「死を越えて導く神」 手束信吾牧師
聖書:ホセア書14章2節~8節 使徒言行録9章36節~43節
本日の旧・新約二つの箇所が私たちに語りかけていることは、いったい何でしょうか?それは、私たちの信ずる神は、生命の回復をもたらす神だということではないでしょうか?これは何も、聖書の神を信じれば、死んだ人も生き返るのだということを言っているのではありません。「タビタ、起きなさい」というペトロの言葉で生き返らされたタビタも、やがてまた必ず死を迎えるのです。
しかし、イエス・キリストを死より復活させられた神は、死を超えて私たちを生かそうとされるお方なのです。イエス・キリストの復活とは、神による生命の回復の出来事なのです。
預言者ホセアは、イスラエルが自らの愚かなふるまい、その罪によって滅びに至ることを語りますが、主に立ち返るならば、主はイスラエルを回復してくださると預言します。また、使徒言行録は、ペトロを通して語られた主の言葉によって、タビタは生命を回復したと語ります。
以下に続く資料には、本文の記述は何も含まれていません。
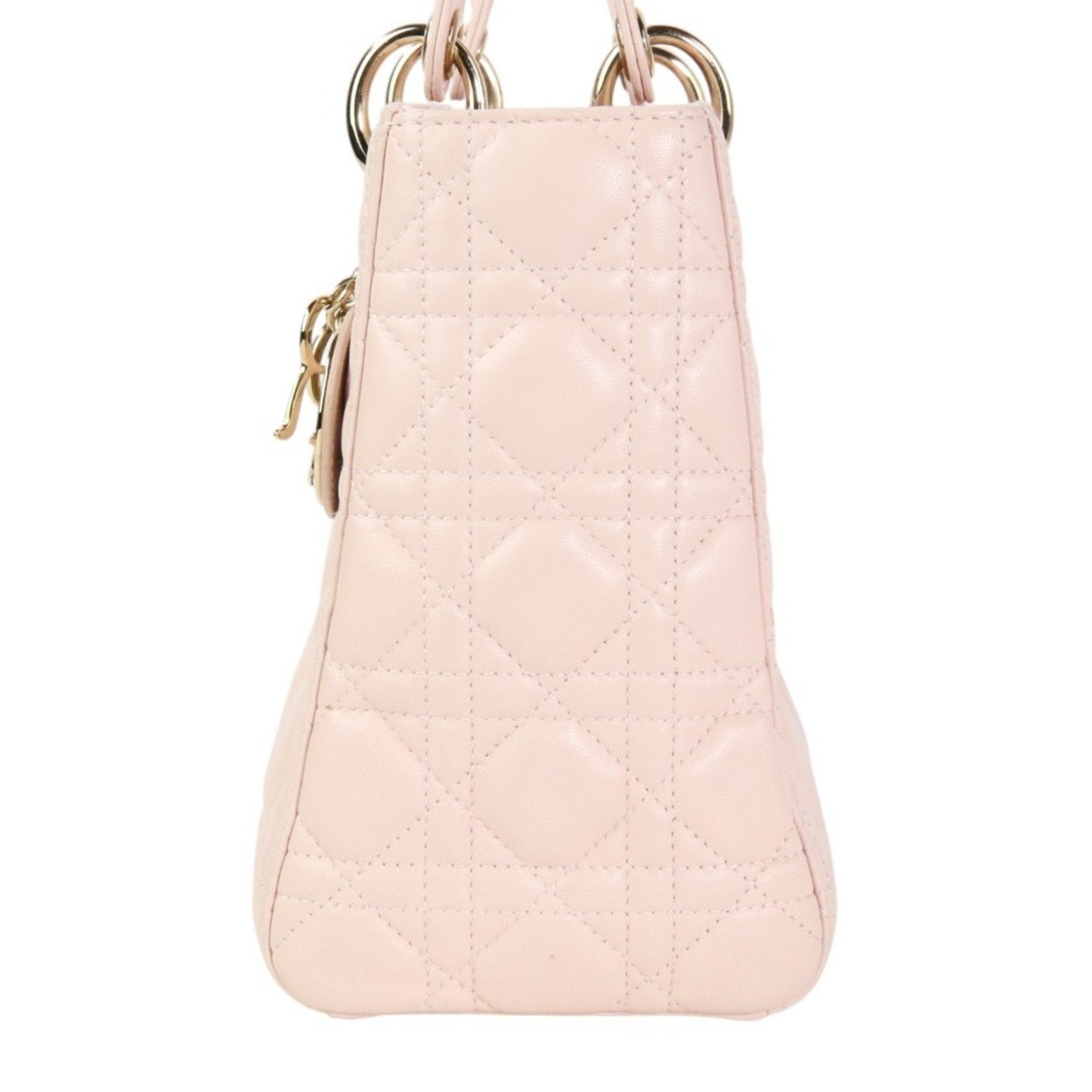 Christian Dior Lady Dior Pink Leather Handbag Shoulder Bag ()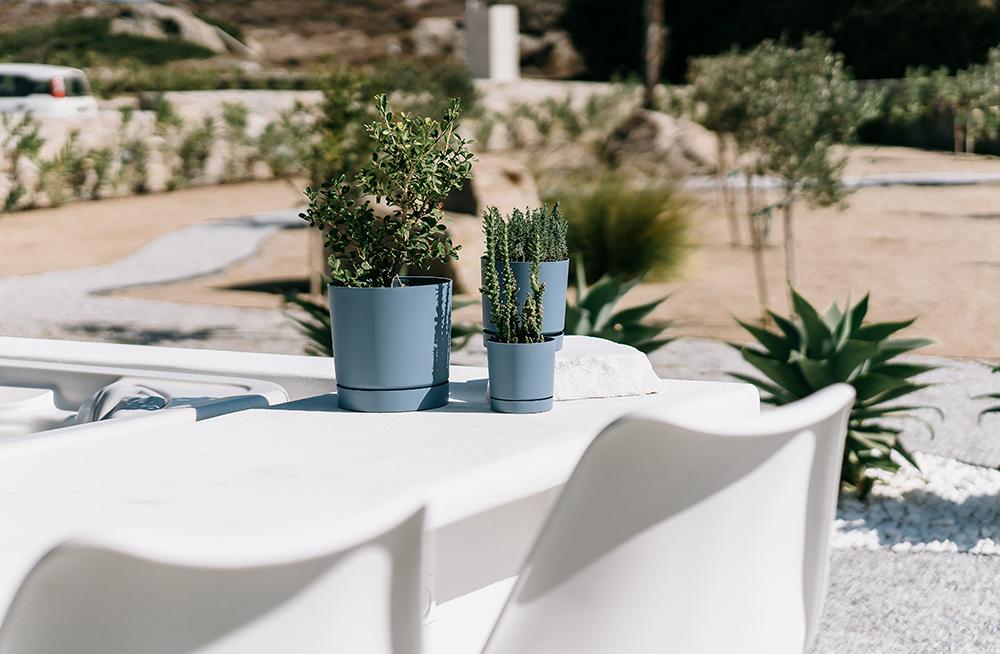 Doniczka okrągła Tubo DPOP150 z podstawką 1,8l nr. 4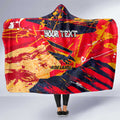 Personalized Adelaide Crows Hooded Blanket Australian Graffiti Paint Splatter - Abstract Geometric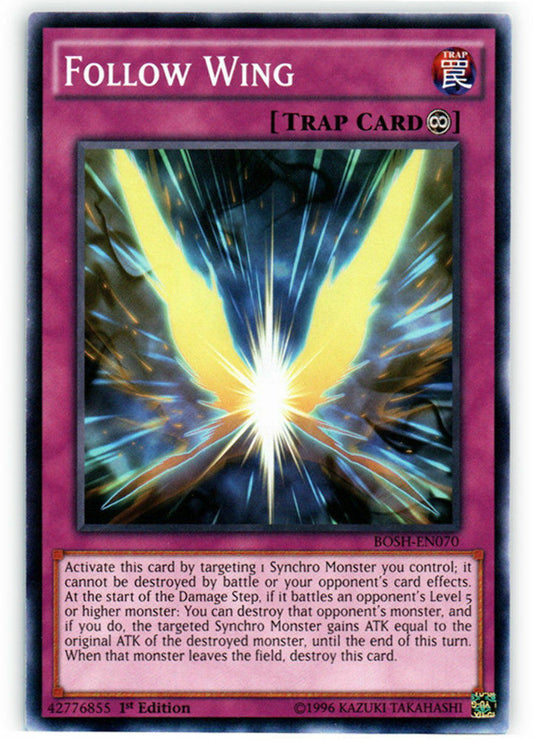 Follow Wing - BOSH-EN070 - Common - 1st Edition - YuGiOh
確かに、私たちの生きるこの世界においては、痛ましい死というものがあり、早すぎる死、無念の死、残酷な死、不条理な死があります。そこには深い痛みと悲しみが伴います。
タビタを喪ったヤッファの信徒の群れも、その深い悲しみを口々にペトロに訴えています。ペトロはその悲しみを受け止めた上で、人々を外に出し、「ひざまずいて祈った」のです。何に対して祈ったのでしょうか?それはイエスを死より復活させられた希望の源である神に対してです。
そう。神はありとしあるもの、生きとし生けるものを生かそうとされます。そして、死によって生命が奪われたかに見える現実にも、神は非業の死を遂げたイエス、残酷で不条理な死を遂げたイエスを死より復活させることによって、死によって奪われた生命を回復し、生かしてくださるお方であることを示されたのです。
私たちの信ずる神は、生命を回復させる神であり、死を越えて導く神なのであります。私たちはその希望に心満たされて、この世の旅路を歩んでゆくことが出来るのです。